• [Captioned web images]:
+ + +

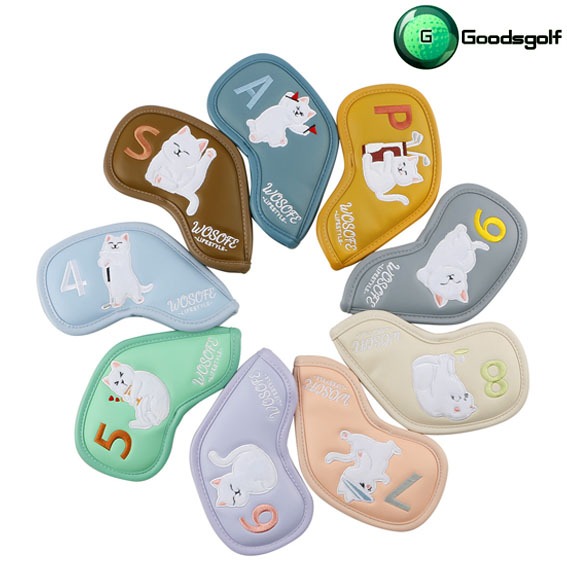ปลอกหุ้มไม้กอล์ฟชุดเหล็ก ลายแมวสุดน่ารัก Cover iron set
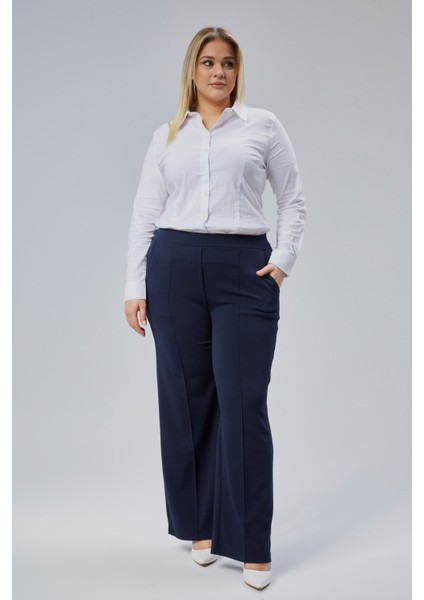 Normal Bel Lastikli Regular Pallazo Kadın Pantolon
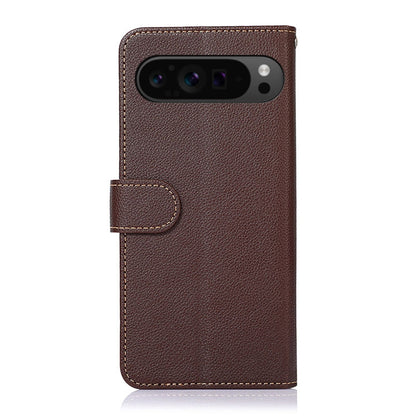 For Google Pixel 9 Pro KHAZNEH Litchi Texture Leather RFID Phone Case(Brown) - Google Cases by buy2fix | Online Shopping UK | buy2fix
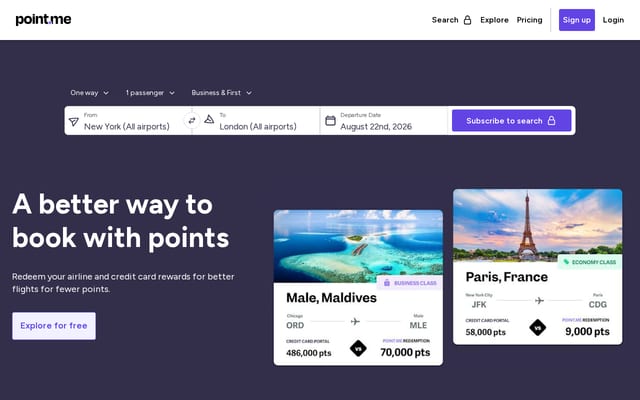 Screenshot of point.me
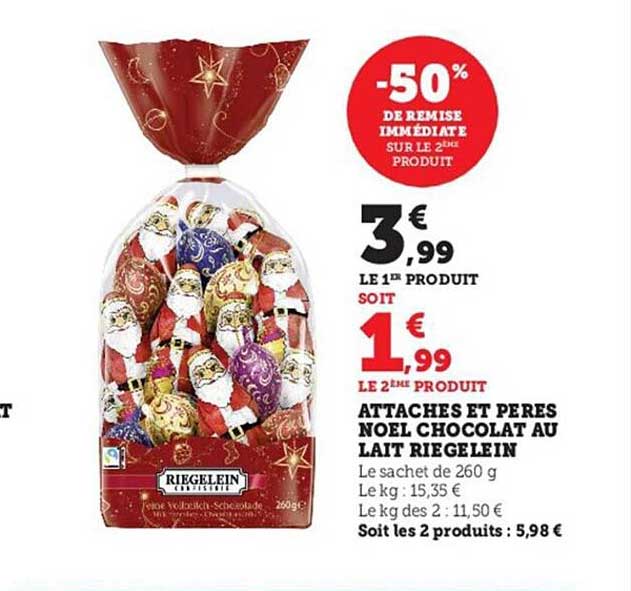 attaches et pères noël chocolat au lait riegelein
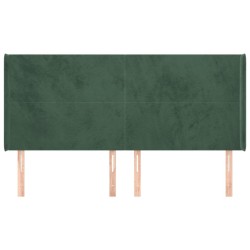 Tête de lit avec oreilles Vert foncé 203x16x118/128 cm Velours 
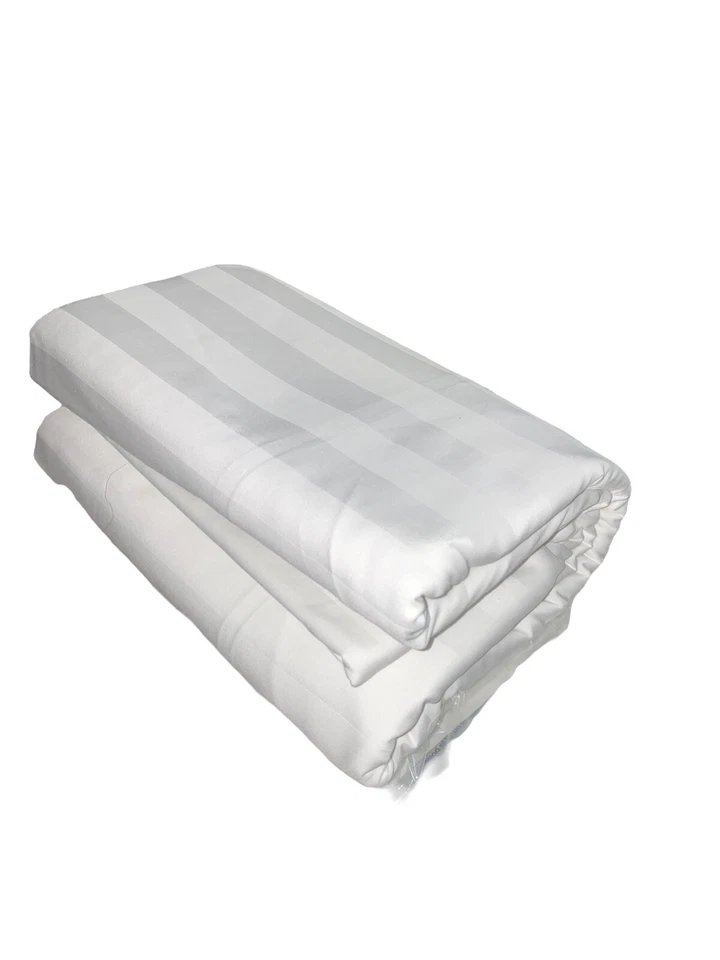 Duvet Cover 230 Thread Count Sateen White Stripes Egyptian 60/40 (Size: Queen) - Image 2 of 4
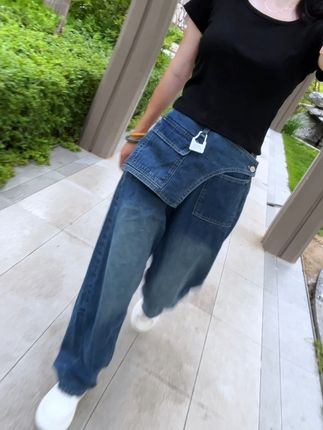 #牛仔裤 #假两件牛仔裤 #牛仔阔腿裤#梨形身材 #大码女装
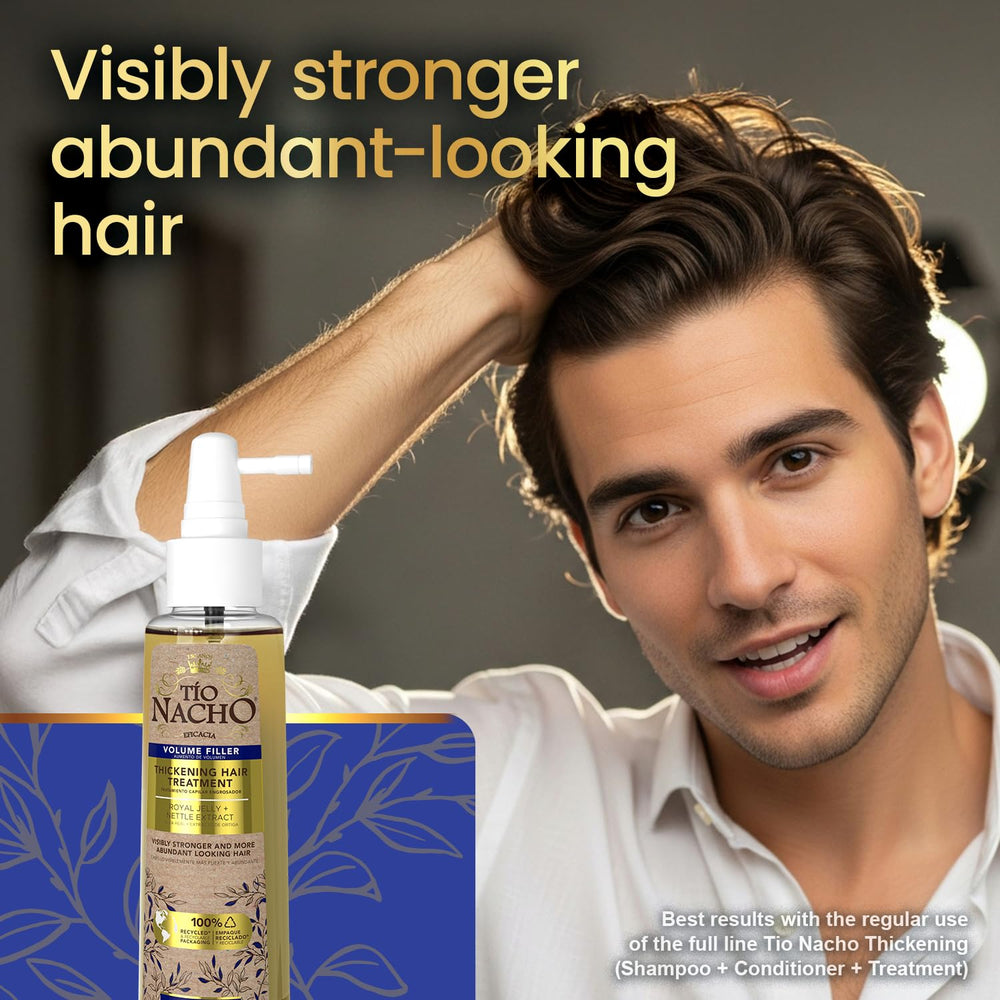 Tío Nacho Thickening Hair Treatment outer packaging highlights clean formula.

+ + +

• [Problem statement]:
Give a verbatim transcription of the entries, leaving out the pictures.

• [Finished task]:
ปลอกหุ้มไม้กอล์ฟชุดเหล็ก ลายแมวสุดน่ารัก Cover iron set
 Normal Bel Lastikli Regular Pallazo Kadın Pantolon
 For Google Pixel 9 Pro KHAZNEH Litchi Texture Leather RFID Phone Case(Brown) - Google Cases by buy2fix | Online Shopping UK | buy2fix
 Screenshot of point.me
 attaches et pères noël chocolat au lait riegelein
 Tête de lit avec oreilles Vert foncé 203x16x118/128 cm Velours 
 Duvet Cover 230 Thread Count Sateen White Stripes Egyptian 60/40 (Size: Queen) - Image 2 of 4
 #牛仔裤 #假两件牛仔裤 #牛仔阔腿裤#梨形身材 #大码女装
 Tío Nacho Thickening Hair Treatment outer packaging highlights clean formula.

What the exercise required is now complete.